February 3, 2014 - Antarctic Blog

By Sue Bassett

When Ernest Shackleton led the British Antarctic ‘Nimrod’ Expedition 1907–09 he hoped to reach the geographic South Pole. To achieve this, he took with him dogs, ponies, and a motor car donated by a major sponsor, William Beardmore, who had recently taken over the car company.

The car was a purpose-built 12/15hp New Arrol-Johnston, an open two-seater with a utility tray-back. It had a specially designed air-cooled, four-cylinder engine, used non-freezing oil, had a silencer that doubled as a foot-warmer, produced hot water by passing the exhaust pipe through a hopper that could be filled with snow, and could be fitted with a pair of ski runners on the front wheels.

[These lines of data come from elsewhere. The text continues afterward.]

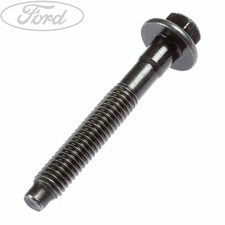 Genuine Ford Camshaft Flanged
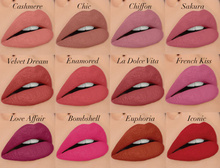 Youngblood | Liquid Lip Crème Chic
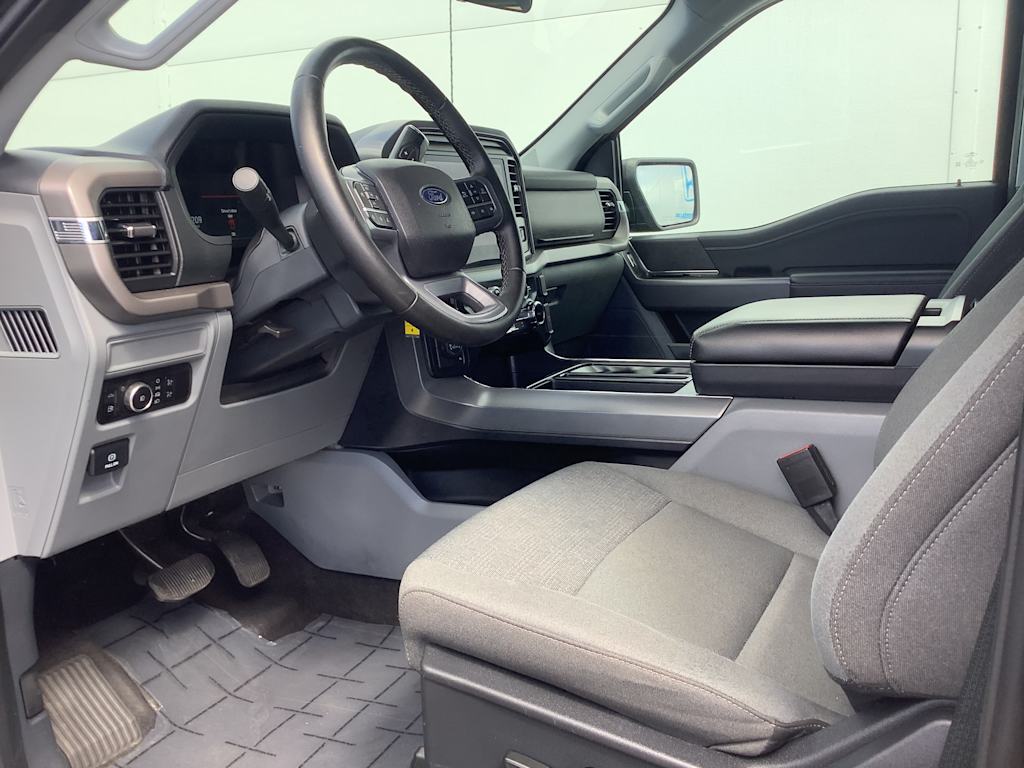 Thumbnail: 2025 Ford F-150 - 2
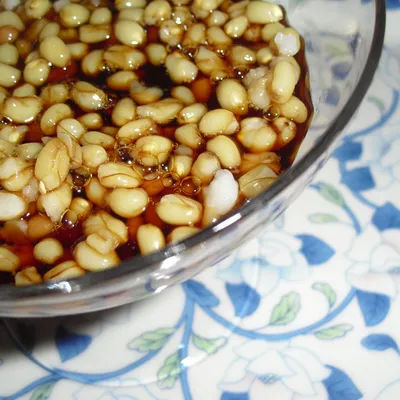 Cuccìa with Cooked Wine: A Timeless Sicilian Treat for Santa Lucia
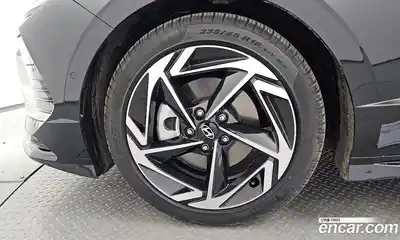 Hyundai Sonata 2024 1.6 гидро в Москве № 2123406, миниатюра 5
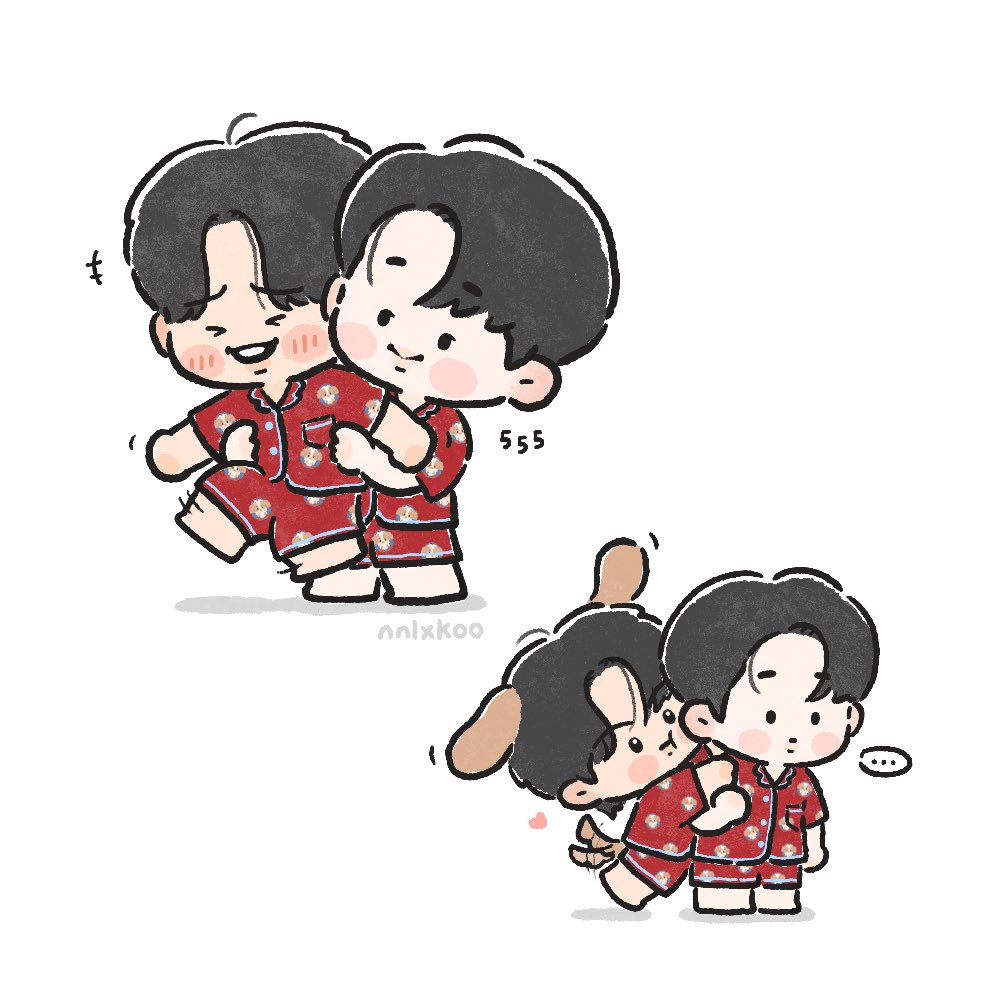 nnlxkoo's tweet photo. Goodnight everyone😳😮‍💨

#WilliamEst #williamjkp #est_rvp https://t.co/xgZZRaq5cn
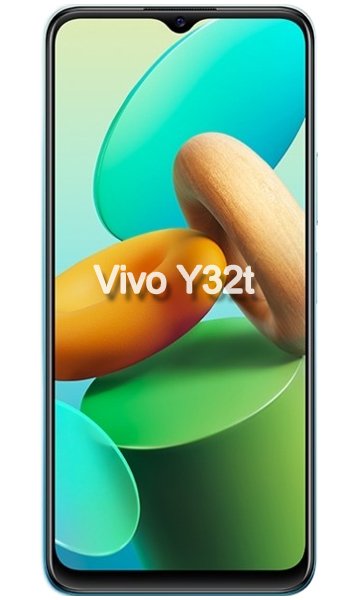 vivo Y32t Specs, review, opinions, comparisons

However, it was also heavy with little traction, sinking to its axles in the snow, and its petrol engine performed poorly from the outset. It was garaged at Shackleton’s expedition hut at Cape Royds and was useful only on the sea ice for transporting light loads, and once fell into a crevasse.

While a couple of parts remain at Cape Royds today, the car left Antarctica with Shackleton and the skis are now held by the Canterbury Museum in Christchurch, where they have undergone conservation treatment by our conservators.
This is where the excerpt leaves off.